Il y a quelques jours, la plateforme Brandwatch a livré les résultats d’une vaste enquête menée auprès de plus d’un millier de professionnels du marketing. Le constat, publié le 9 avril 2026 par E-marketing.fr, est sans appel : l’intelligence artificielle n’est plus une option, elle est devenue le moteur central de l’activité marketing. Mais derrière l’euphorie technologique, une ligne de fracture se dessine : les consommateurs, eux, rejettent massivement les contenus générés sans sincérité.
Ce paradoxe redéfinit en profondeur ce que signifie « marquer les esprits » en 2026. Et il replace, au premier rang des leviers stratégiques, une discipline longtemps reléguée au rang de « décor » dans le point de vente : le marketing sensoriel.
Chez Mediavea, nous sommes convaincus que ce n’est pas un hasard. Voici pourquoi.
Ce que dit l’étude Brandwatch d’avril 2026 : un marketing qui bascule
Ainsi, les marques doivent intégrer le marketing sensoriel dans leur ADN pour rester pertinentes dans un monde en constante évolution.
L’enquête Brandwatch, réalisée auprès de 1 028 professionnels du marketing, dresse le portrait d’un secteur à la fois confiant et désorienté. Confiant, parce que 56 % des répondants se disent optimistes pour l’avenir de leur profession.
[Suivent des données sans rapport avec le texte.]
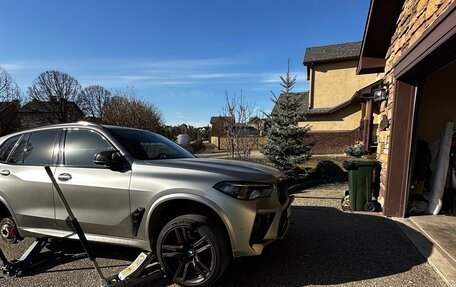 BMW X5 M, 2021 год, 13 500 000 рублей, 20 фотография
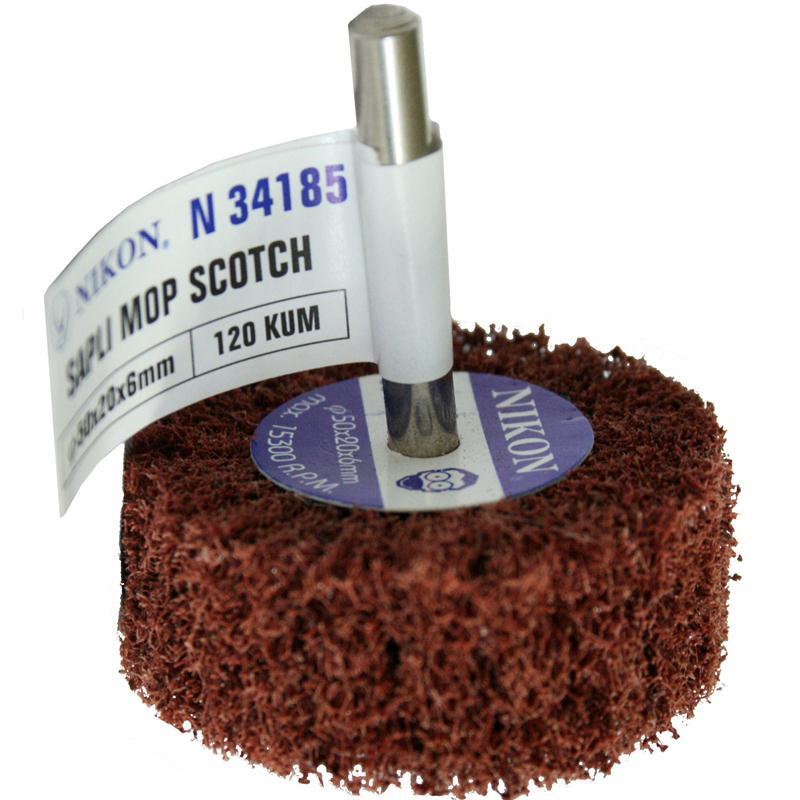 S.MOP ZIMP.120 KUM  34185NİKON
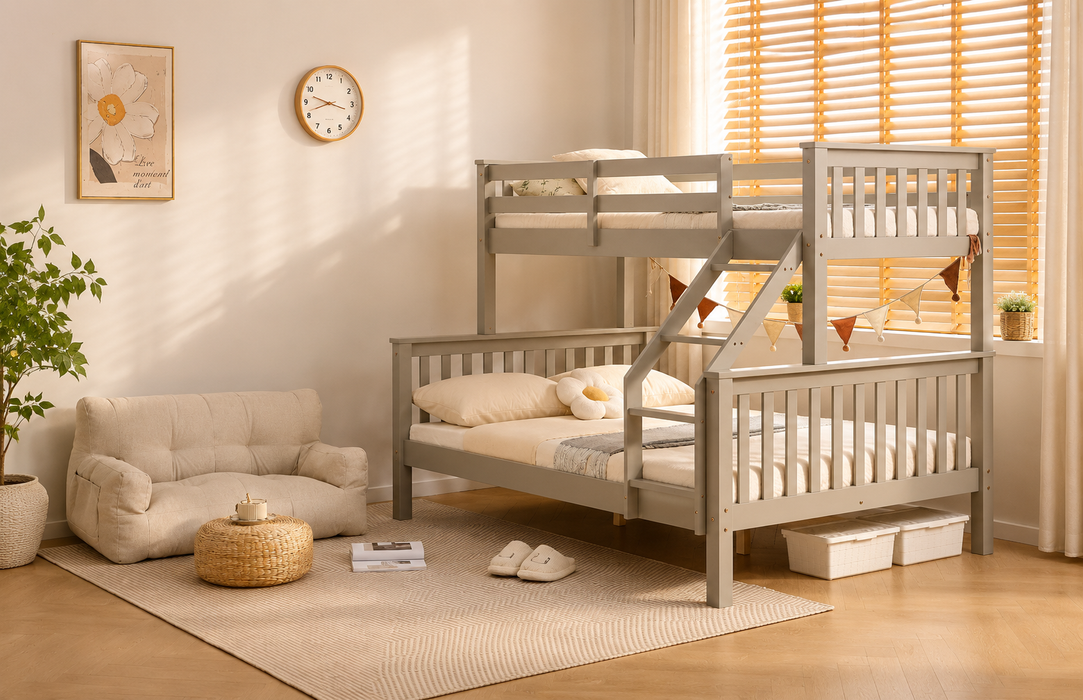 Shannon Triple Bunk Bed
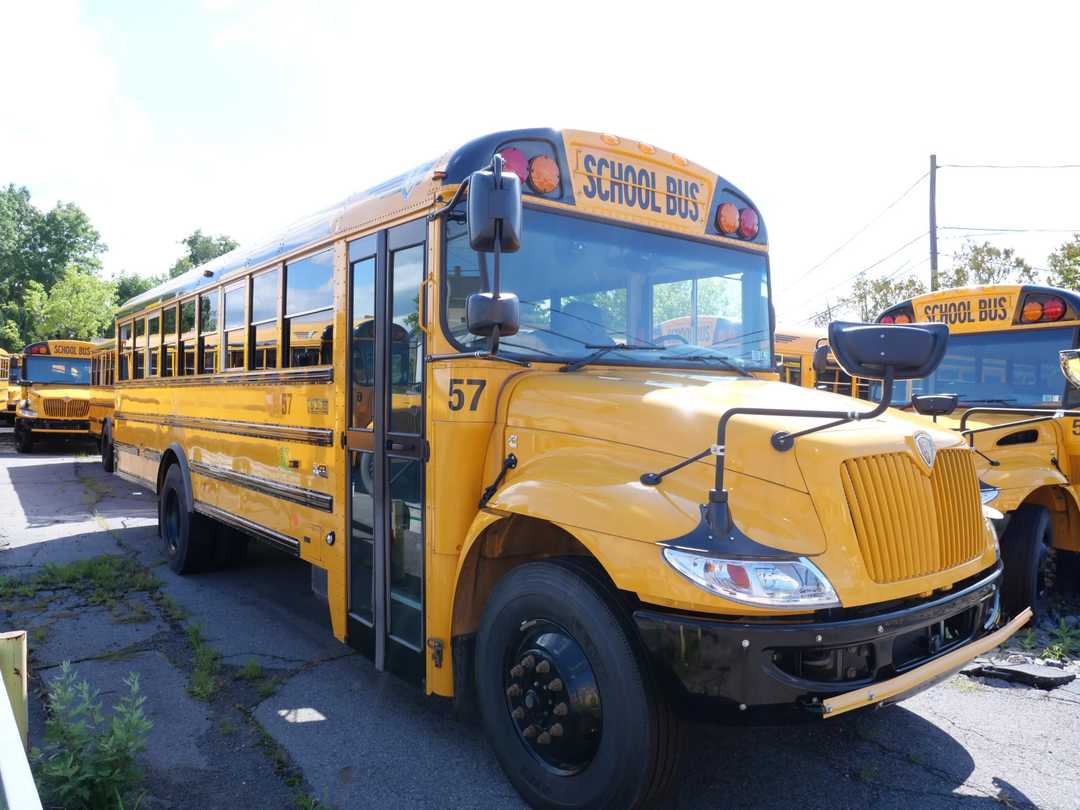 2024 International School Bus - 48 Passenger - Bus #57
Désorienté, parce que malgré l’abondance de données disponibles, seuls 25 % des marketeurs estiment comprendre parfaitement leurs audiences.
La raison ? Une fragmentation inédite du parcours client, où physique et digital s’entremêlent au point de rendre les comportements insaisissables. Parmi les principaux obstacles cités :
- 60 % des experts peinent à anticiper les besoins futurs des consommateurs.
- 48 % déclarent avoir du mal à saisir les changements soudains de comportement.
- 46 % n’arrivent pas à transformer efficacement la donnée brute en information utile.
- 40 % se disent incapables de comprendre les motivations profondes d’un acte d’achat.
En clair : jamais les marques n’ont disposé d’autant d’informations sur leurs clients, et pourtant jamais elles ne se sont senties aussi loin d’eux. En adoptant le marketing sensoriel, les marques peuvent véritablement se démarquer sur le marché.
L’IA, moteur incontournable… mais pas solution miracle
Face à cette complexité, l’IA s’impose comme la réponse par défaut. Les chiffres sont éloquents :
- 84 % des marketeurs considèrent la maîtrise de l’IA et de l’automatisation comme la compétence la plus cruciale pour rester compétitifs.
- 81 % utilisent déjà des outils d’IA au quotidien, loin devant les logiciels de création de contenu (58 %) ou les plateformes d’analyse de données (52 %).
- 79 % consacrent désormais plus de temps à la gestion de l’automatisation.
Dans le même mouvement, le marketing traditionnel décroche : 60 % des répondants passent moins de temps sur la publicité classique, et près de la moitié réduisent leurs efforts en e-mailing.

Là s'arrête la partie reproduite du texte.